Roleren / ORFik

MIT License
32 stars 9 forks source link

STATS.csv has percentage_aligned_raw greater than 100% #163

Closed SuhasSrinivasan closed 7 months ago

SuhasSrinivasan commented 8 months ago

Hello again,

In QC_STATS, the STATS.csv has the summary statistics for trimming and alignment.

But it is not clear how the percentage_aligned_raw is computed and why it is greater than 100%.

When trying to match these values, it does not match the statistics in STAR's Log.final.out files.

Attached are examples of this. Please let me know if additional logs are needed. Thank you!

STATS.csv

Cardio_RFP_1_Log.final.txt

Roleren commented 8 months ago

Raw are reads, and aligned are alignments. Since STAR allows multimappers, you can have more than 100%. For mapped reads see the final csv file for STAR located outside the aligned folder. Any more questions on that ? :)

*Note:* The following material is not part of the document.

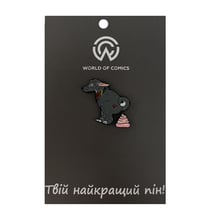 Металевий значок (пін) Pooping Dog (Grey), (11094)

SuhasSrinivasan commented 8 months ago

Thank you for quickly reviewing this!

Since STAR allows multimappers, you can have more than 100%

The Log.final.out contains this

% of reads mapped to multiple loci |    54.01%

So still not sure how percentage_aligned_raw is 280.2114

see the final csv file for STAR located outside the aligned folder

Thank you, found the 00_STAR_LOG plot and CSV. But the greater than 100% value is not found here :)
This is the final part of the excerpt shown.